Here are the opening paragraphs:
"In a competitive society, where men struggle with one another for food and shelter, what is more natural than that generosity, when it diminishes the food and shelter of men other than he who is generous, should be held an accursed thing? Wise old saws to the contrary, he who takes from a man's purse takes from his existence. To strike at a man's food and shelter is to strike at his life, and in a society organized on a tooth-and-nail basis, such an act, performed though it may be under the guise of generosity, is none the less menacing and terrible.

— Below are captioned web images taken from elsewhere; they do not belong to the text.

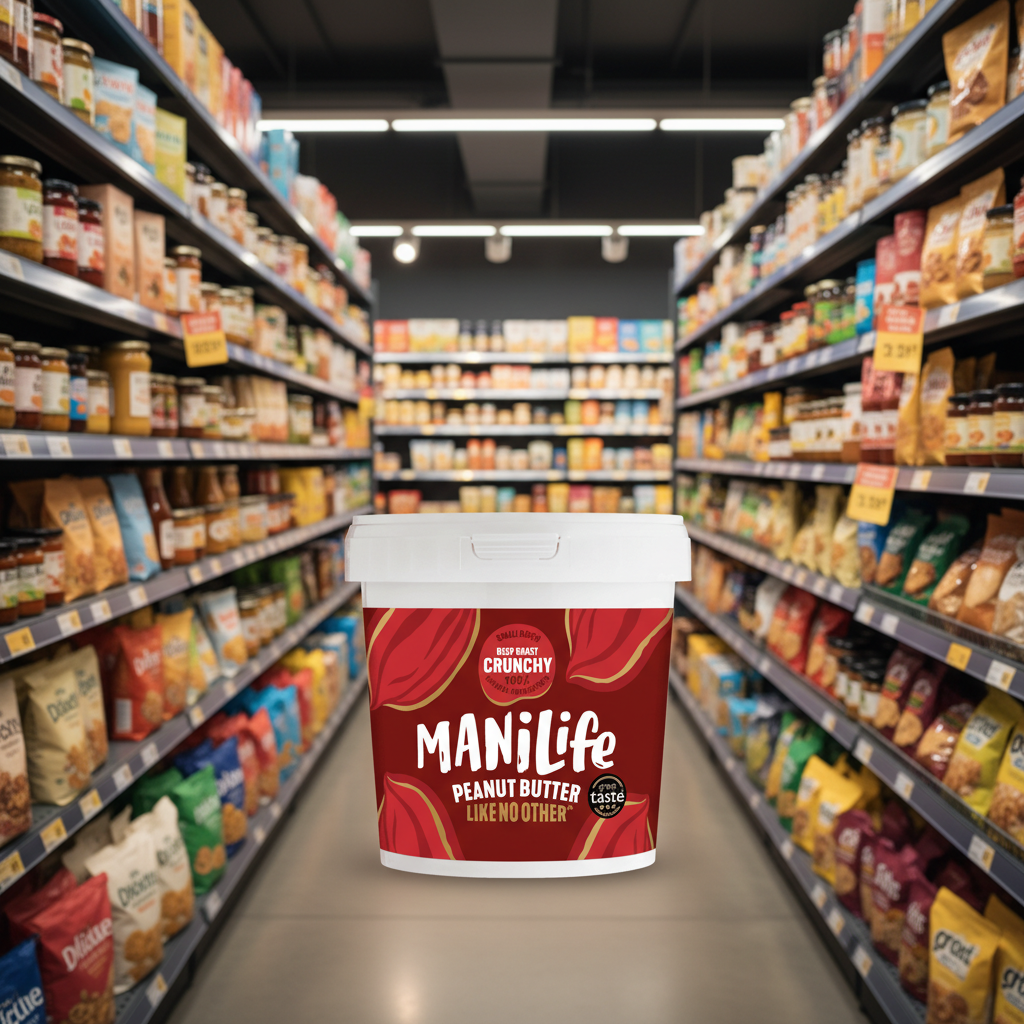 ManiLife Deep Roast Crunchy Peanut Butter - 900g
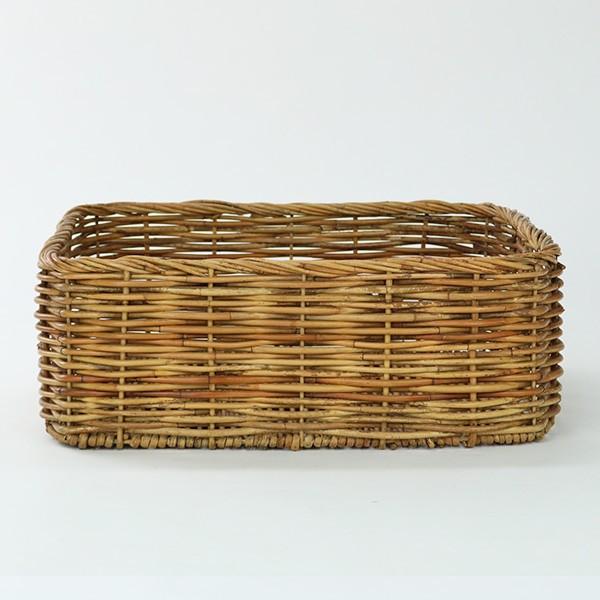 バスケット アラログ 収納 幅45×奥行40×高さ17cm ラタン 籐 かご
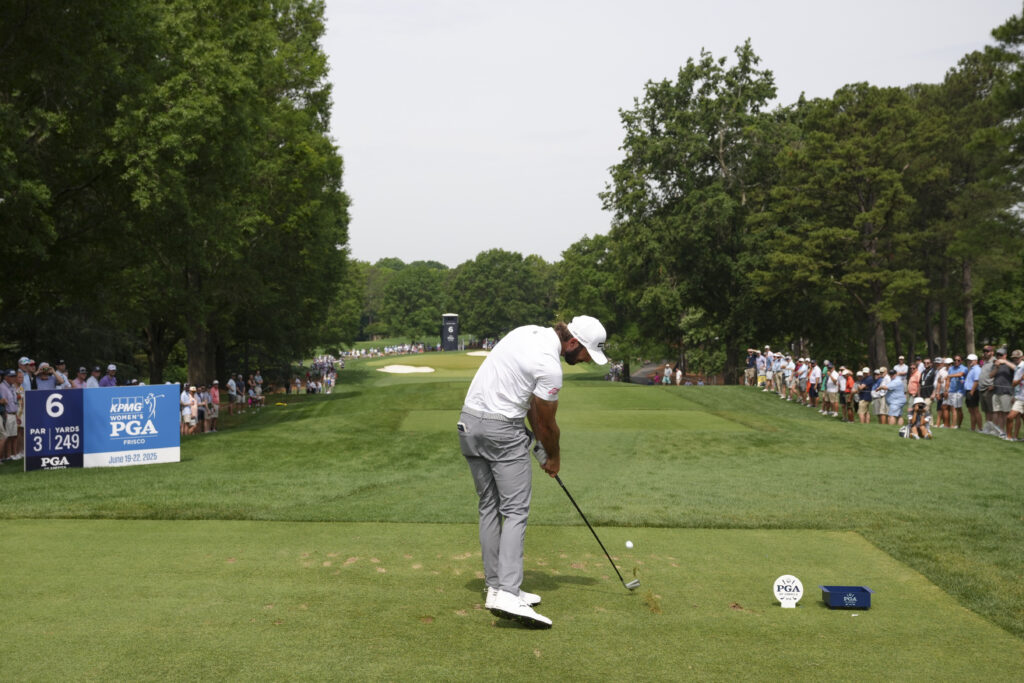 Max Homa playing in 2025 PGA Championship - Round Two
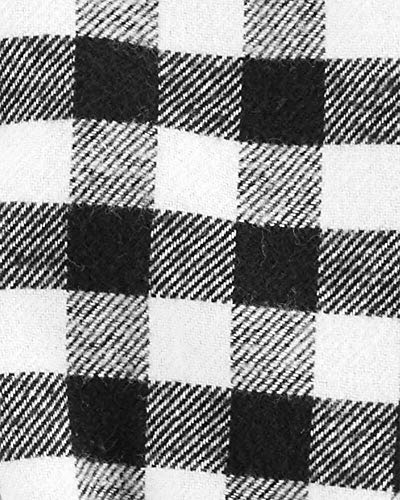 Conjunto Social Xadrez Suspensório Preto Carters Cor:Preto;Tamanho:18 Meses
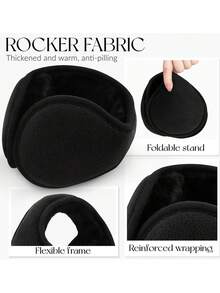 1 szt. Wielokolorowe, proste, jednokolorowe, męskie, zimowe, ciepłe nauszniki, składane, odpowiednie do codziennych dojazdów do pracy i na jesień/zimę - nauszniki - Zobacz 4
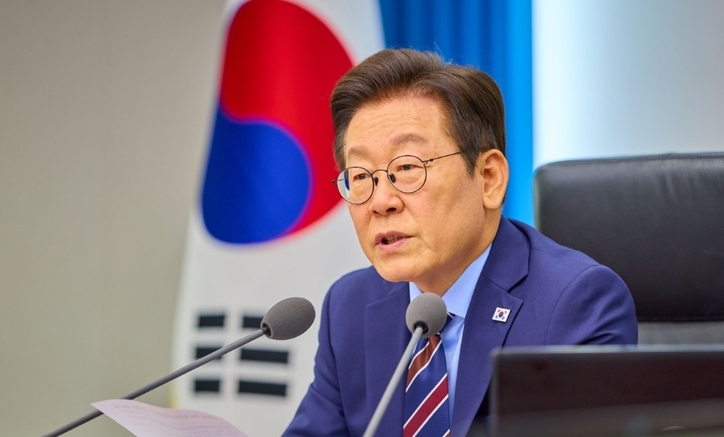 이재명 대통령이 발언하는 모습이다. / 대통령실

It is for this reason that a laborer is so fiercely hostile to another laborer who offers to work for less pay or longer hours. To hold his place (which is to live), he must offset this offer by another equally liberal, which is equivalent to giving away somewhat from the food and shelter he enjoys. To sell his day's work for two dollars instead of two dollars and a half means that he, his wife, and his children will not have so good a roof over their heads, such warm clothes on their backs, such substantial food in their stomachs. Meat will be bought less frequently, and it will be tougher and less nutritious; stout new shoes will go less often on the children's feet; and disease and death will be more imminent in a cheaper house and neighborhood."